By age 12 Hornish was racing go-karts all around the Midwest and
Southeast. At the World Karting Association Nationals in
Charlotte in 1992, Hornish and then-12-year-old Sarah Fisher were
dueling for the win on the last lap. When Fisher--who is starting
in row 7 in Sunday's 500--went for the pass, Hornish bumped her
off the track and won the race. Afterward Fisher, who at the time
was bigger than Hornish, threatened to beat him up. "I got in the
little jerk's face," recalls Fisher, "and we haven't really
talked since. I'll say this: Sam will do whatever it takes to
win."
"Sam is a lot like me," says retired four-time Indy 500 champ
Rick Mears. "Some guys go as fast as they can all the time. Sam
has discipline. He understands that the most important lap is the
last one."
In his free time Hornish, like any good ol' American race driver,
likes to hunt--for morel mushrooms, a rare delicacy that grows in
the area. On a recent evening in Napoleon, just as the last blush
of sunlight faded from the Ohio sky, Hornish tramped the woods
searching for morels. "I can't be any further away from racing
than I am right now," said Hornish, "but the Indy 500 is always
on my mind. I've raced in the 500 four times, and my best finish
is 14th. I've struggled. But I've imagined winning there all my
life. It would be so ... so ...."
Hornish couldn't say what it would be like to stand in Victory
Lane.
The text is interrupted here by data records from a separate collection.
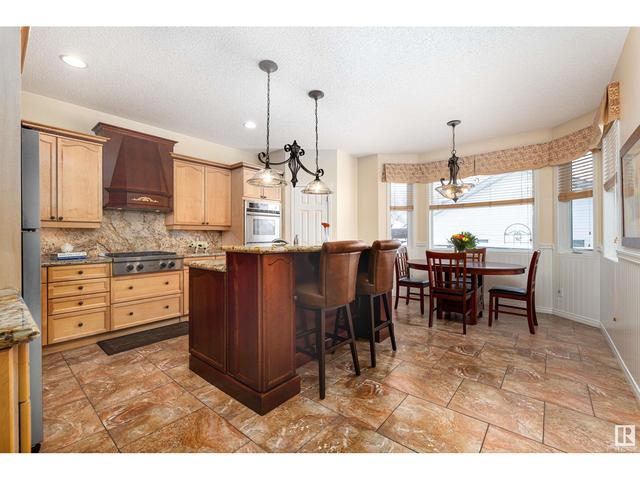 9717 95 St Nw, House detached with 6 bedrooms, 3 bathrooms and null parking in Edmonton AB | Image 11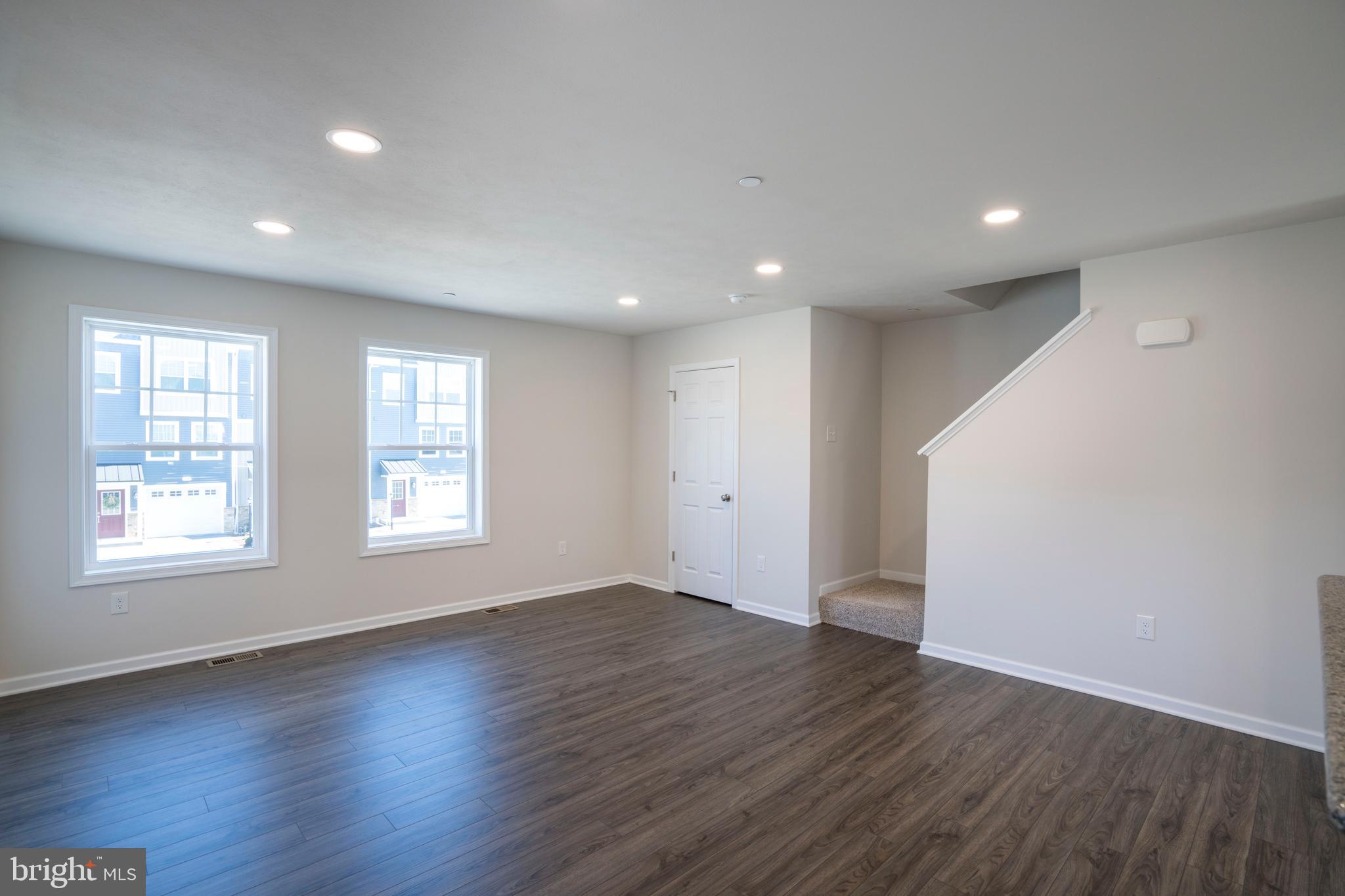 GRAYS POINTE - Residential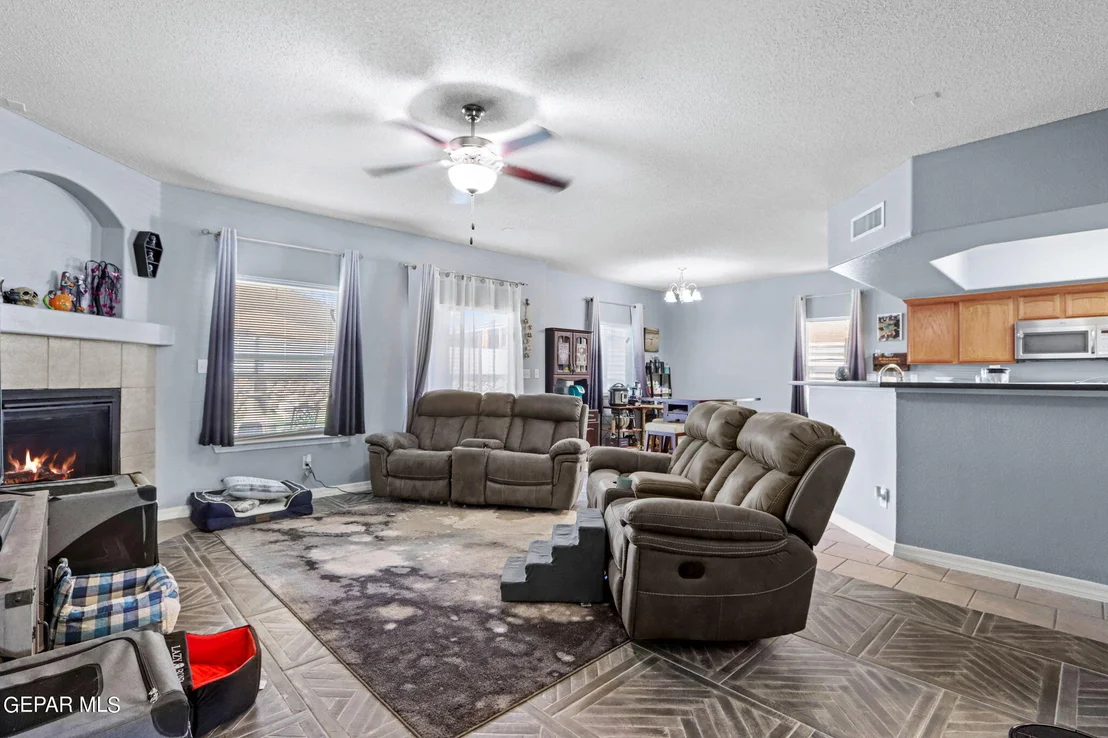 Photo of 11521 CHARLES BOYLE Place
On Sunday, though, he just might find out.
COLOR PHOTO: AL TIELEMANS Hornish was wooed hard by NASCAR last year but signed with Penske's Marlboro team.
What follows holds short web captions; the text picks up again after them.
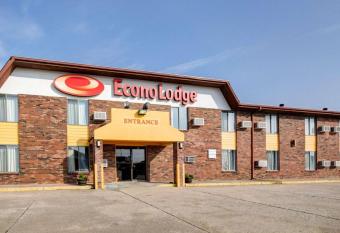 Red Lion Inn & Suites Olathe Kansas City has Smoking rooms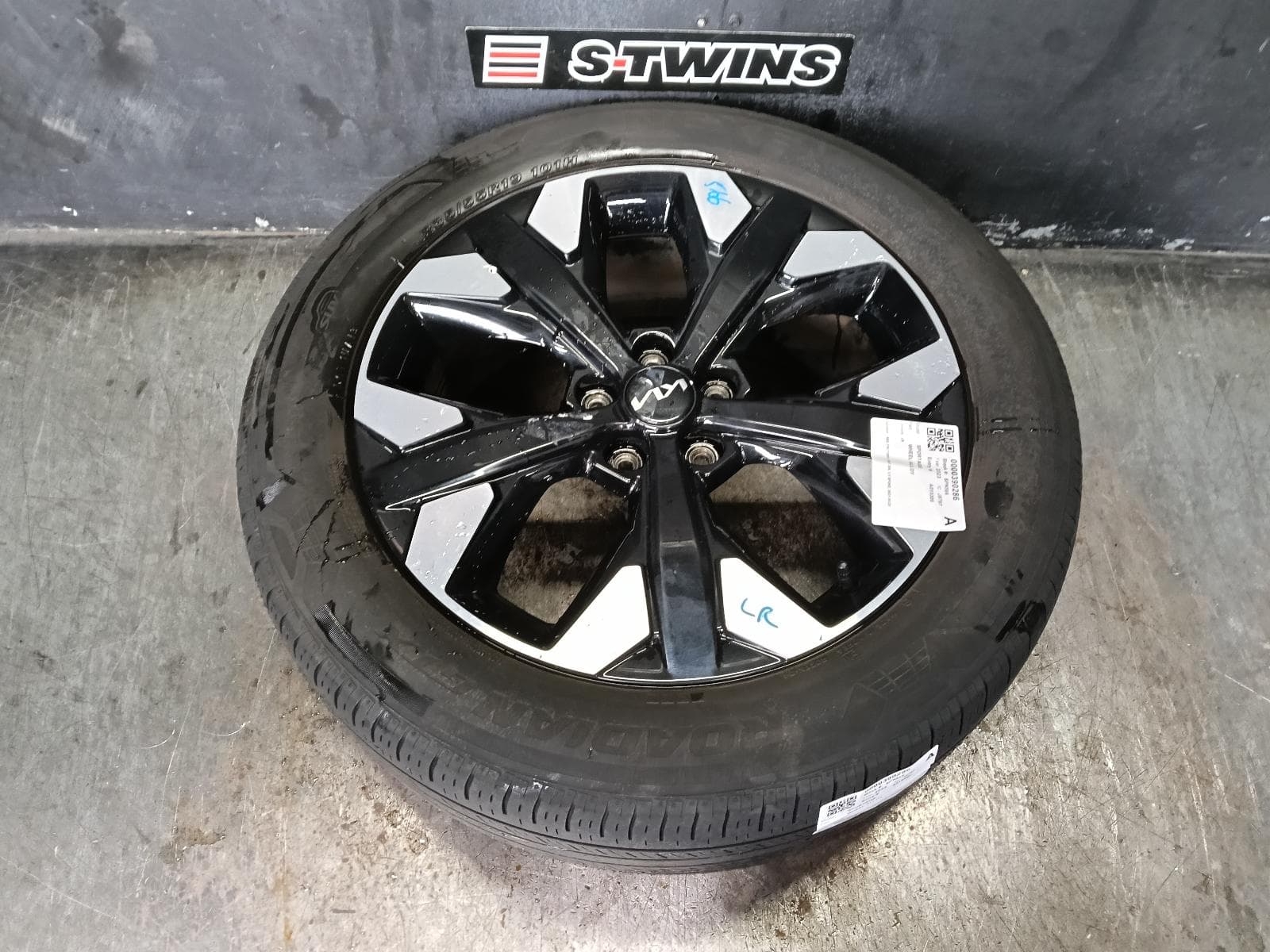 Used auto part listing image: 2023 KIA SPORTAGE WHEEL MAG NQ5, FACTORY, 19X7.5IN, 5 Y SPOKE, 09/21-01/25 0000390286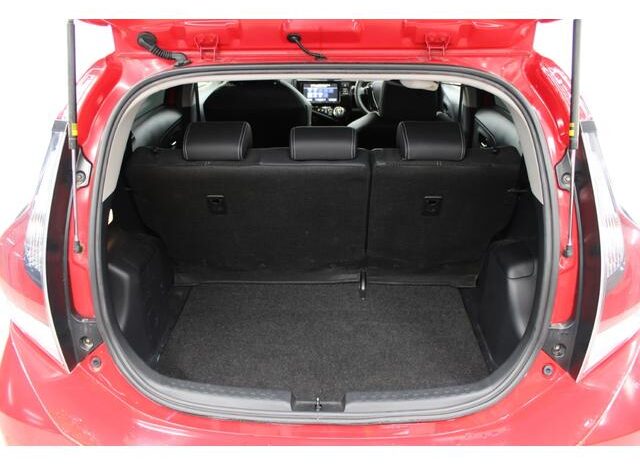 
								TOYOTA AQUA 2015 full									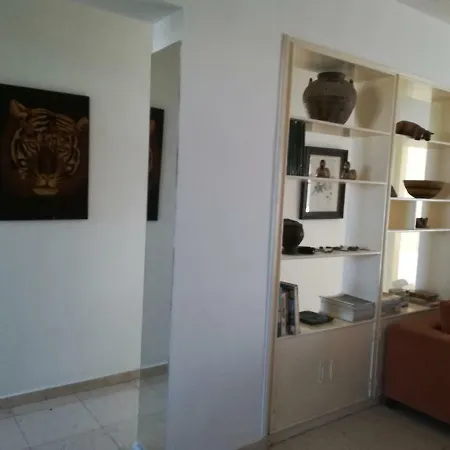 Sevi's Place, 3 Bedroom Flat, 110 S.m Апартаменти Ларнака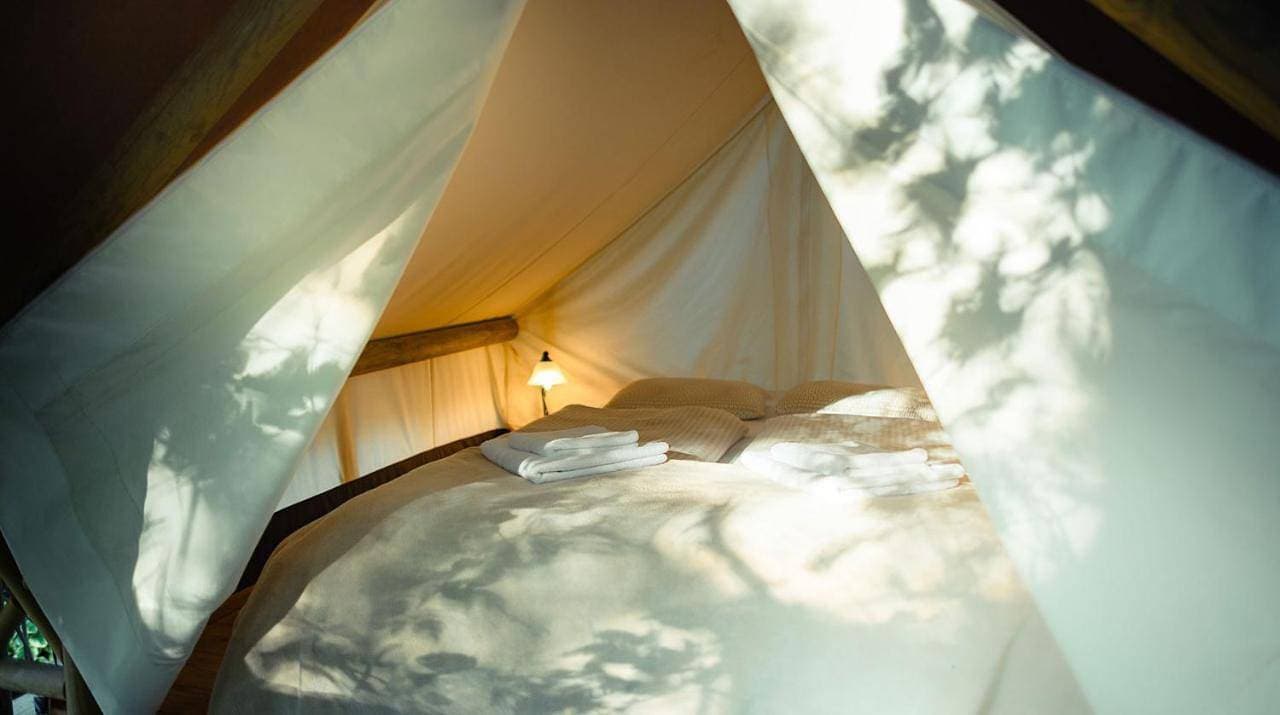 Foto 8 von 11: River Tent with Shared Bathroom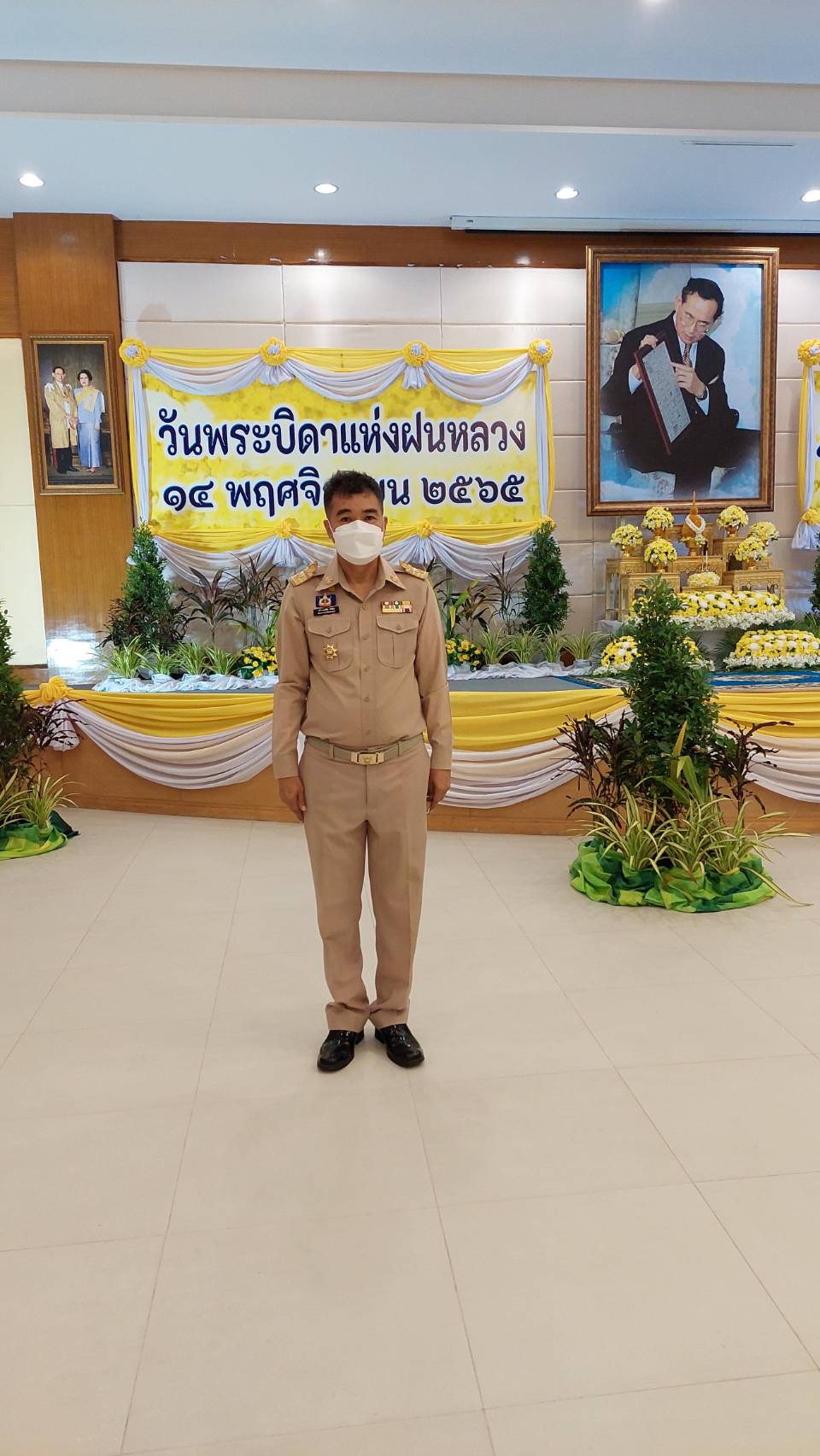 ??พช.นครนายกร่วมพิธีถวายราชสักการะวางพานพุ่มดอกไม้สดเนื่องในวันพระบิดาแห่งฝนหลวง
COLOR PHOTO: JONATHAN FERREY/GETTY IMAGES (CAR) Hornish was wooed hard by NASCAR last year but signed with Penske's Marlboro team.
COLOR PHOTO: BRIAN SPURLOCK/WIREIMAGE.COM (KANAAN) Kanaan is hot this season, and it's not just because of his fire suit.
A CHECKERED PAST ... AND FUTURE
SI predicts that when the checkered flag waves on the 88th Indy
500, an American will be in front for the first time since Eddie
Cheever Jr. won the race in 1998. Here's how they'll finish on
Sunday at the Brickyard:
1. SAM HORNISH JR., Marlboro Team Penske A Roger Penske car has
won the last three Indy 500s.
2. TONY KANAAN, Team 7-Eleven In three races this season Kanaan,
a Brazil native, has a win and a second-place finish.
3. HELIO CASTRONEVES, Marlboro Team Penske The fence-climbing
Brazilian won the 500 in 2001 and '02; if he takes the checkered
flag this year, he would become the sixth driver to win three
Indys.
4. SCOTT DIXON, Target Chip Ganassi Racing The 2003 IRL season
champ will be looking for a bit of redemption this year after he
was knocked out of last year's race by an embarrassing crash
during a caution.
5. DAN WHELDON, Andretti Green Racing The current IRL
season-points leader could become the first Englishman to win the
500 since Graham Hill won it in 1966. --L.A.